Henry Filloux-Bennett, based on the autobiography by Nigel Slater
P W Productions and Karl Sydow present The Lowry Production
Lowry Quays Theatre
11 November 2019 - 16 November 2019; 2hr 20min
Back for another taster at the theatre where it first rose like a successful souffle 18 months ago, Nigel Slater’s Toast is an unusual mix for a theatrical evening. Ingeniously adapted from Observer food writer Slater’s autobiography by first-time playwright Henry Filloux-Bennett, it narrates the difficult and distressing childhood of Nigel (Giles Cooper) in the West Midlands of the 1960s.

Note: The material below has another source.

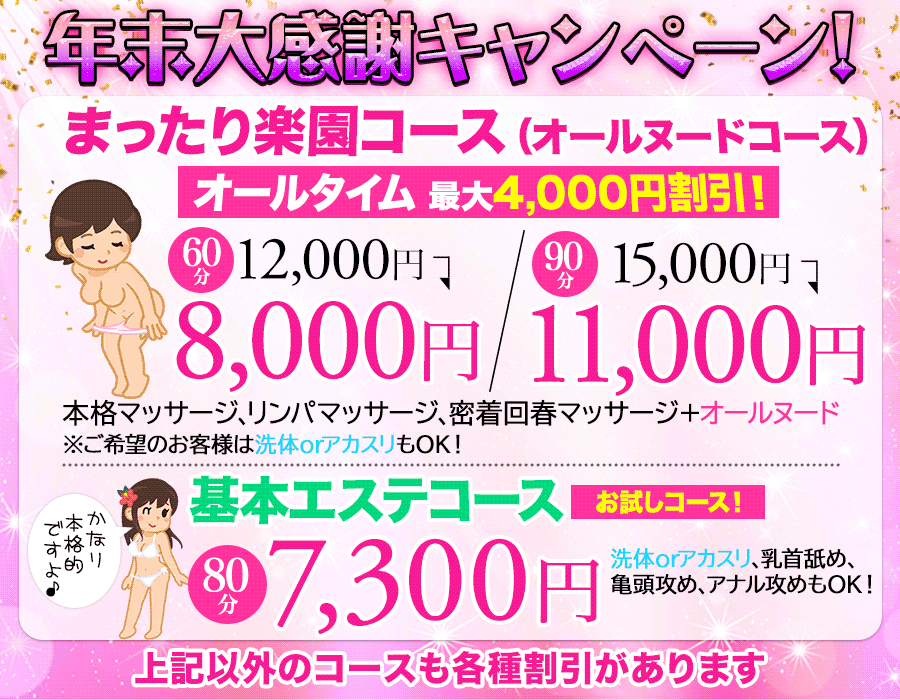 年末大感謝キャンペーン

Following him age 9 to 17, covering the early death of his mother (Kay Felderman) and then his highly-strained relationship with his grieving father (Blair Plant), it shows Nigel developing a growing fixation with the pleasures of everyday foods, including Angel Delight, fish fingers and lots and lots of cakes.

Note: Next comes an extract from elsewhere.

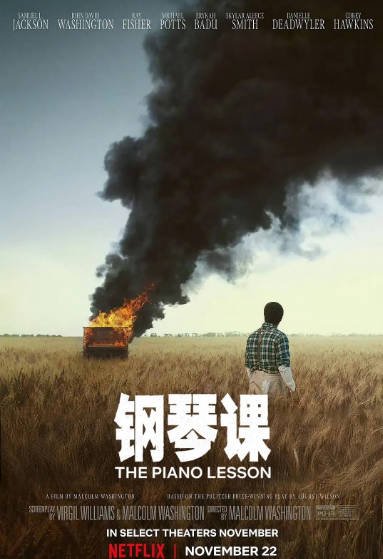 [美国电影]《钢琴课》（2024年）[夸克网盘]-醉都音影视资源网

It begins with him as a young boy, making jam tarts with mum, and there’s a bitter-sweet first half in which his love for his mother movingly shines through. After the interval, his domineering and grieving father quite quickly links up with, as here portrayed, a woman (Samantha Hopkins) who becomes Nigel’s almost pantomime-like step-mother, with whom he has a battle of the cakes.
Meanwhile, dad tries to stop Nigel buying fairy drops, as some sweets are for boys and some for girls and fairy drops are definitely for the latter or, perhaps, “nancy boys” - a sentiment pointing towards what is to come for Nigel.
Stylistically it’s an odd mix that I found doesn’t entirely work. Nigel/Cooper narrates, heading the five-strong cast with a performance that is the right side of not being desperate to appeal. We meet him first kitted out in long socks and slickly-combed hair, looking like a typical mid-20th century schoolboy but one taking an unusual interest in school cookery classes.
As he grows up and matures into a teenager, the play becomes a little darker, with Nigel timidly coming out as gay. But I found throughout that deeper emotions are quickly eroded by the show’s format of introducing musical/movement/dance episodes and having a performance style somewhere between cartoon and the sort of heightened characterisation you get between the numbers in a musical. I would have liked more depth. I know it would have been boring to play it all straight, but for me the present mix doesn’t pull it off.
Director Jonnie Riordan’s production is suitably lightly whisked, taking place on a kitchen set that has nostalgic 60s touches. The audience gets to share bags of sweets and you’ll also get a walnut whip and it ends with Nigel cooking up mushroom and onions on toast as a homage to his mother.
As the smell wafts across the auditorium it could well send you out seeking the nearest take-away.